The question for the Supreme Court in the short term will be whether to block Shelby's ruling while appeals proceed. The state's request will initially be directed to Justice Sonia Sotomayor, the member of the court responsible for overseeing the 10th Circuit, but she will almost certainly refer the matter to the full court. It is likely to act within several days.
The Supreme Court will face difficult calculations, ones it did not have to confront in reviewing decisions from federal courts in California striking down Proposition 8, the state's ban on same-sex marriage. In that case, the U.S. Court of Appeals for the 9th Circuit, in San Francisco, stayed both the trial judge's ruling and its own as appeals went ahead.
Dorf said there were probably not five votes on the Supreme Court to block Shelby's ruling. "On the strictly legal argument," he said, "it's hard to justify granting a stay."
But he added that the lower courts should have done so, partly because of the potential cruelty of voiding the new marriages and partly because the Supreme Court is hard to predict.
"It's pretty clear that even the five justices who are sympathetic to same-sex marriage would rather take a few years before getting there," Dorf wrote in a blog post on Tuesday. "If their hand is forced, as it now will be, it's impossible to say with certainty what they'll do."

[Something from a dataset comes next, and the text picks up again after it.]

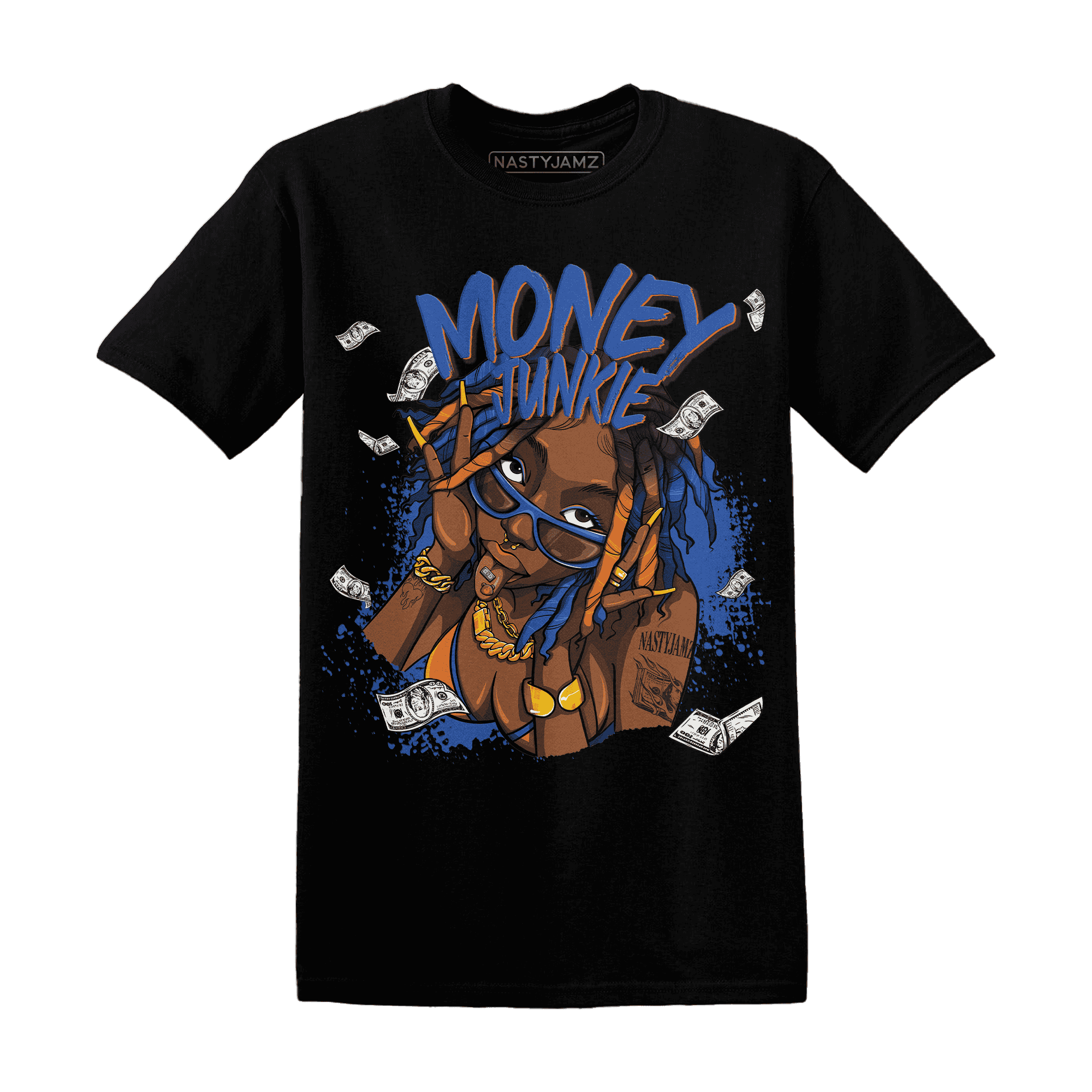 Dunk Low Knicks T Shirt Match Money Junkie - NastyJamz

Whatever the Supreme Court does regarding a stay, it is hard to see how it could hear the larger issue in the case in the current term. But a decision in the court's next term, culminating in a decision in June 2015, is entirely possible.
In the meantime, Shelby's decision will certainly get the justices' attention. He acknowledged, for starters, that the Supreme Court's 5-4 decision striking down part of the Defense of Marriage Act, United States v. Windsor, could be read to support either side in his case.
Justice Anthony M. Kennedy, writing for the majority in Windsor, said "the definition and regulation of marriage" was generally "within the authority and realm of the separate states." That would seem to suggest that voters in Utah were entitled to amend their state's Constitution to ban same-sex marriage.